RECORDED DATA:
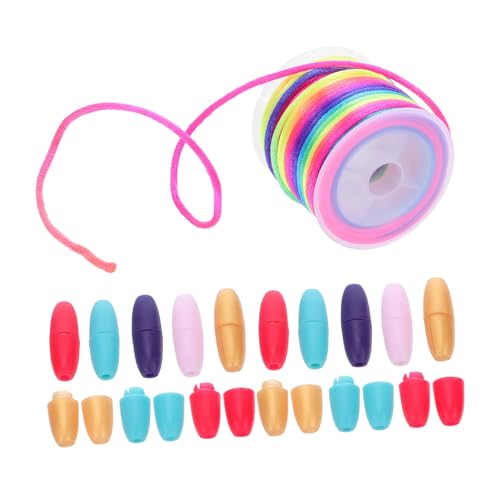 MUELODSIC Sicherer Kunststoff Bead Barrel Verbinder mit Farbigem Nylonband für Armband Halskette DIY Schmuckherstellung Langlebig Einfach zu Verwenden Anfänger Geeignet MUELODSIC Sicherer Kunststoff Bead Barrel Verbinder mit Farbigem Nylonband für Armband Halskette DIY Schmuckherstellung Langlebig Einfach zu Verwenden Anfänger Geeignet von MUELODSIC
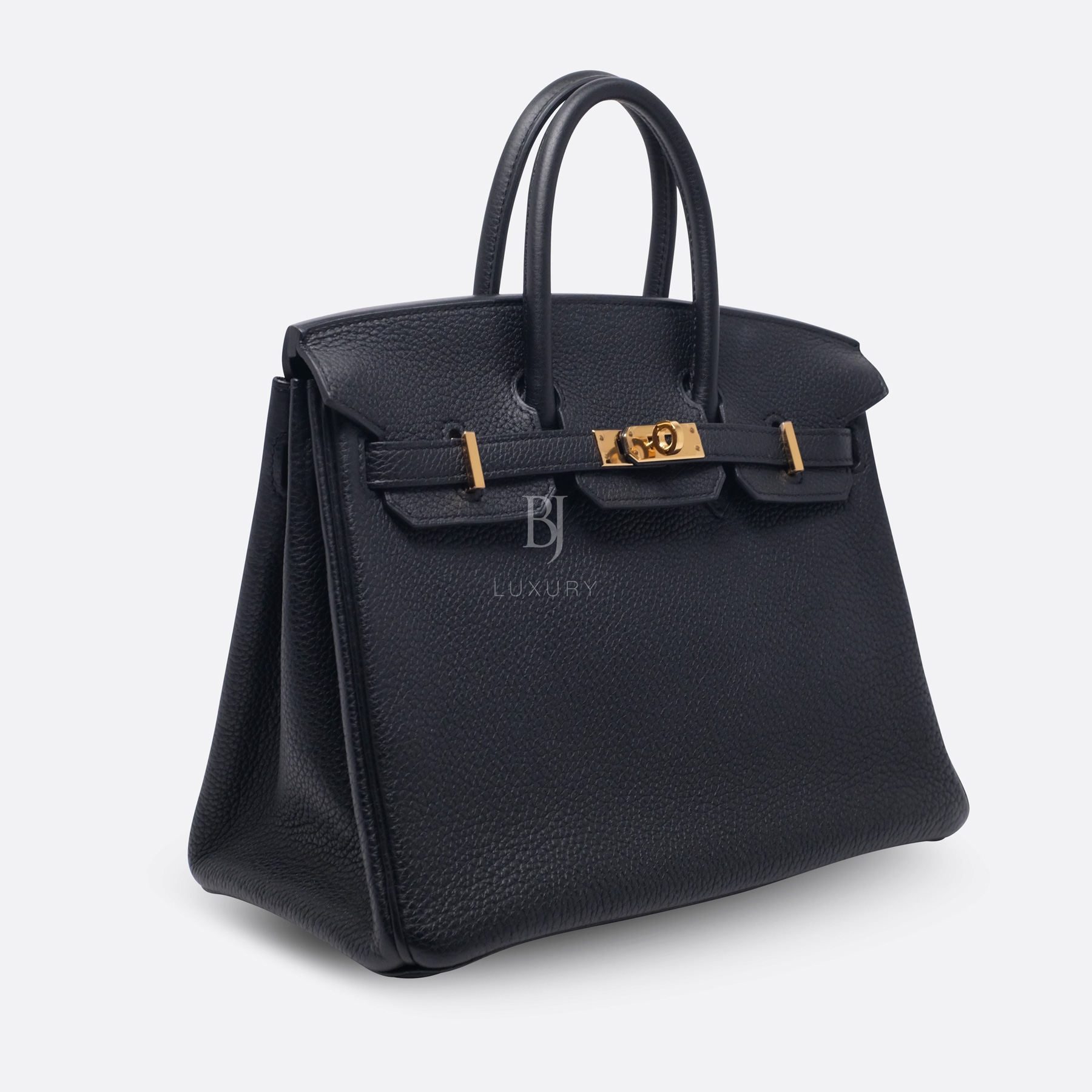 HERMES BIRKIN 25 BLACK TOGO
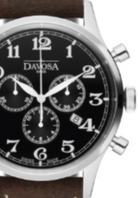 Heritage Quartz Chronograph Black Brown Executive Watch 16247956 Chronograph Davosa USA Official Distributor. Prices are Final. Tax & duties included.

TASK GOAL:
In the reply, every line of the material above is to be reproduced verbatim, and the images are to be left out.

RESULT FOR THIS TASK:
 MUELODSIC Sicherer Kunststoff Bead Barrel Verbinder mit Farbigem Nylonband für Armband Halskette DIY Schmuckherstellung Langlebig Einfach zu Verwenden Anfänger Geeignet MUELODSIC Sicherer Kunststoff Bead Barrel Verbinder mit Farbigem Nylonband für Armband Halskette DIY Schmuckherstellung Langlebig Einfach zu Verwenden Anfänger Geeignet von MUELODSIC
 HERMES BIRKIN 25 BLACK TOGO
 Heritage Quartz Chronograph Black Brown Executive Watch 16247956 Chronograph Davosa USA Official Distributor. Prices are Final. Tax & duties included.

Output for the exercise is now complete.